What you describe and what VAordeal described are two completely different situations.

 

The BSA Advancement Policies and Procedures specifically allow for parents who are registered and approved counselors to counsel their own boys, wards and relatives.

Those same policies also allow a scout to earn as many merit badges from one counselor as that person is registered and approved to counsel

 

So what VA described is allowed. So unless someone has evidence that he was not required to complete all the listed requirements for a badge nothing wrong was done. (I am confident that VA even with the age difference beteen you and him, understood that I was trying to explain that he needs more real evidence before he continues to denegrate the other scout's advancement or the mother's actions).

 

Your situation on the other hand backpacker is an allegation that the advancement requirements were altered. And that is a direct violation of the BSA policies. You cannot add to or delete from any advancement requirement. If someone had evidence that the scout was not advanced then they should report that to the District advancement committee. Now there is actually a few culprits here if the allegations are true.

 

The SM may have signed the book, but who sat on the Board of Review? It was the bor's responsibility to see that the the scout fulfilled the requirements as stated in his handbook.

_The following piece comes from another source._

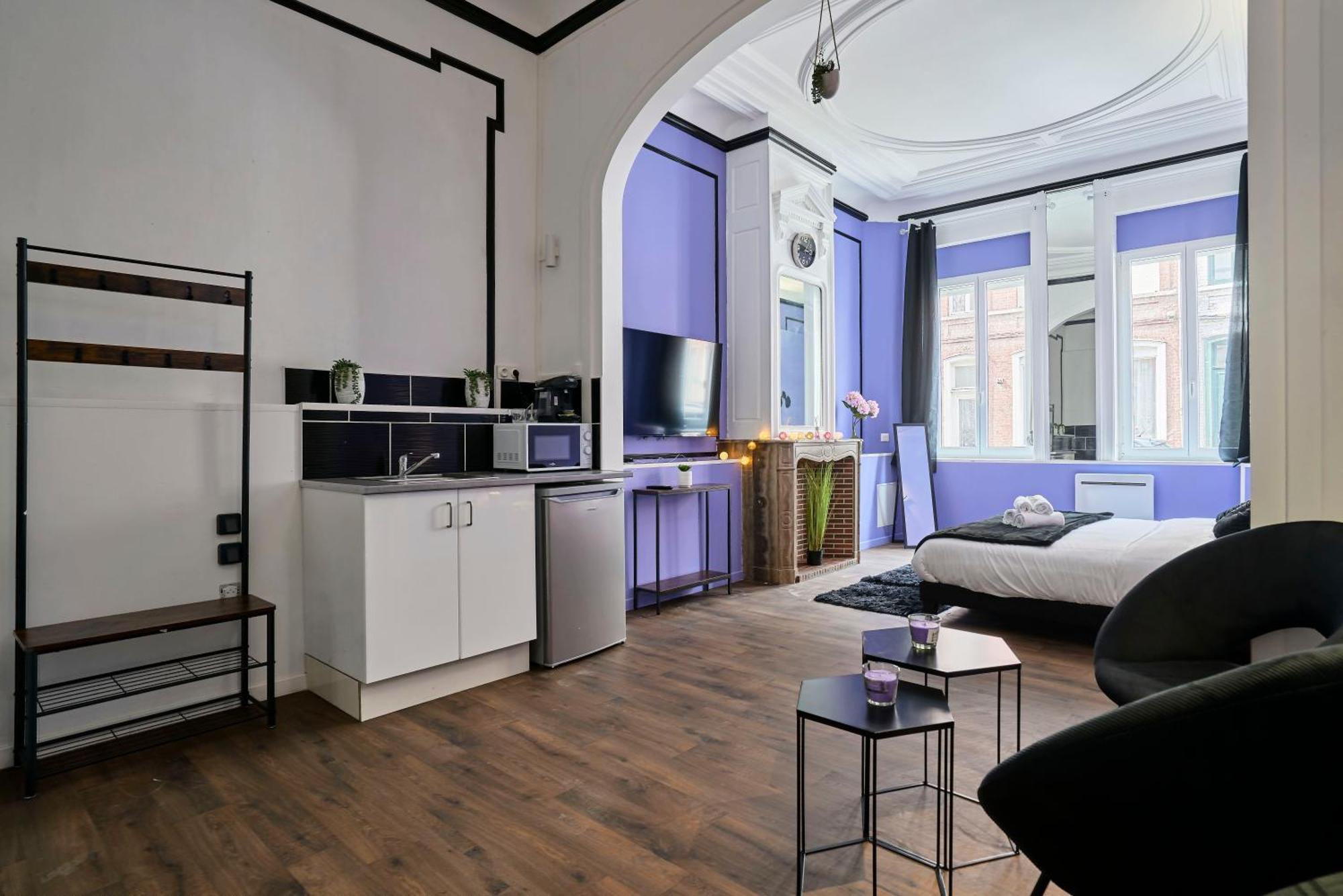 Ng Prestige - Lille L Roubaix Trichon - Balneo - Netflix - Wifi Apartment Exterior foto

Did they ask about what troop or patrol outings he used to meet the requirements?

 

You cannot fault the boy for the father and the bor not following the rules.

 

Once the board has passed the scout there is no removing the rank, BUT the adults can certainly be set straight.

 

While you are of course welcome to your opinion it has no effect on the advancement policies or procedures of the BSA.

 

I will thank you in the future to post your own opinions and not try to determine or represent mine, and I will do the same.

 

I do not believe we share enough common experiences for you to guess what my opinion might be.